[Source data]

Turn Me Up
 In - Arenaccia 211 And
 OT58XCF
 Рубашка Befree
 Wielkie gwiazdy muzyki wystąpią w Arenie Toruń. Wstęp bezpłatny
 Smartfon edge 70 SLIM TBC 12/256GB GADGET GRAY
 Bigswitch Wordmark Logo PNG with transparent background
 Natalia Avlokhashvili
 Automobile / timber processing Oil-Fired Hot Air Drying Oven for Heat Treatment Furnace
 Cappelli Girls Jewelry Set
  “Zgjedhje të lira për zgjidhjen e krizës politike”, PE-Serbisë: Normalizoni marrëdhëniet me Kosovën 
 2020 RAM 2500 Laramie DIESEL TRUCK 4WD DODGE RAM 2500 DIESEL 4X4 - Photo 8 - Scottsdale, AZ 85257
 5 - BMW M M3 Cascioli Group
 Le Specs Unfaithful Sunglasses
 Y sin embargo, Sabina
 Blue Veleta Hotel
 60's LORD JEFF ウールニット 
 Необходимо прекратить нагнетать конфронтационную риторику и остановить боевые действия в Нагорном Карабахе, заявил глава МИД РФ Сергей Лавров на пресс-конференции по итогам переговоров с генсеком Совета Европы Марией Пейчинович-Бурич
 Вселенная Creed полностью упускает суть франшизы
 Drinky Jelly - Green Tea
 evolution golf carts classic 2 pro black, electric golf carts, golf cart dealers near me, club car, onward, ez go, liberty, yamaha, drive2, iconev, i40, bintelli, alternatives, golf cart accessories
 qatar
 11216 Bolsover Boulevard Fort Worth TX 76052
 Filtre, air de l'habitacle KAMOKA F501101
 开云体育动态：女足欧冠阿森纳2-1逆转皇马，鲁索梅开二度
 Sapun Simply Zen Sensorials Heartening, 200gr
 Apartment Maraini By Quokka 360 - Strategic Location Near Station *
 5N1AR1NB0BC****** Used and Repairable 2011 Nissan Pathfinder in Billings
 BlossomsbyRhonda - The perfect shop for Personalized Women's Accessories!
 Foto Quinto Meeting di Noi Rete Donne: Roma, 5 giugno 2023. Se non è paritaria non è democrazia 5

[/Source data]

Task prompt: Make sure every record is repeated exactly.

Output below:
Turn Me Up
 In - Arenaccia 211 And
 OT58XCF
 Рубашка Befree
 Wielkie gwiazdy muzyki wystąpią w Arenie Toruń. Wstęp bezpłatny
 Smartfon edge 70 SLIM TBC 12/256GB GADGET GRAY
 Bigswitch Wordmark Logo PNG with transparent background
 Natalia Avlokhashvili
 Automobile / timber processing Oil-Fired Hot Air Drying Oven for Heat Treatment Furnace
 Cappelli Girls Jewelry Set
  “Zgjedhje të lira për zgjidhjen e krizës politike”, PE-Serbisë: Normalizoni marrëdhëniet me Kosovën 
 2020 RAM 2500 Laramie DIESEL TRUCK 4WD DODGE RAM 2500 DIESEL 4X4 - Photo 8 - Scottsdale, AZ 85257
 5 - BMW M M3 Cascioli Group
 Le Specs Unfaithful Sunglasses
 Y sin embargo, Sabina
 Blue Veleta Hotel
 60's LORD JEFF ウールニット 
 Необходимо прекратить нагнетать конфронтационную риторику и остановить боевые действия в Нагорном Карабахе, заявил глава МИД РФ Сергей Лавров на пресс-конференции по итогам переговоров с генсеком Совета Европы Марией Пейчинович-Бурич
 Вселенная Creed полностью упускает суть франшизы
 Drinky Jelly - Green Tea
 evolution golf carts classic 2 pro black, electric golf carts, golf cart dealers near me, club car, onward, ez go, liberty, yamaha, drive2, iconev, i40, bintelli, alternatives, golf cart accessories
 qatar
 11216 Bolsover Boulevard Fort Worth TX 76052
 Filtre, air de l'habitacle KAMOKA F501101
 开云体育动态：女足欧冠阿森纳2-1逆转皇马，鲁索梅开二度
 Sapun Simply Zen Sensorials Heartening, 200gr
 Apartment Maraini By Quokka 360 - Strategic Location Near Station *
 5N1AR1NB0BC****** Used and Repairable 2011 Nissan Pathfinder in Billings
 BlossomsbyRhonda - The perfect shop for Personalized Women's Accessories!
 Foto Quinto Meeting di Noi Rete Donne: Roma, 5 giugno 2023. Se non è paritaria non è democrazia 5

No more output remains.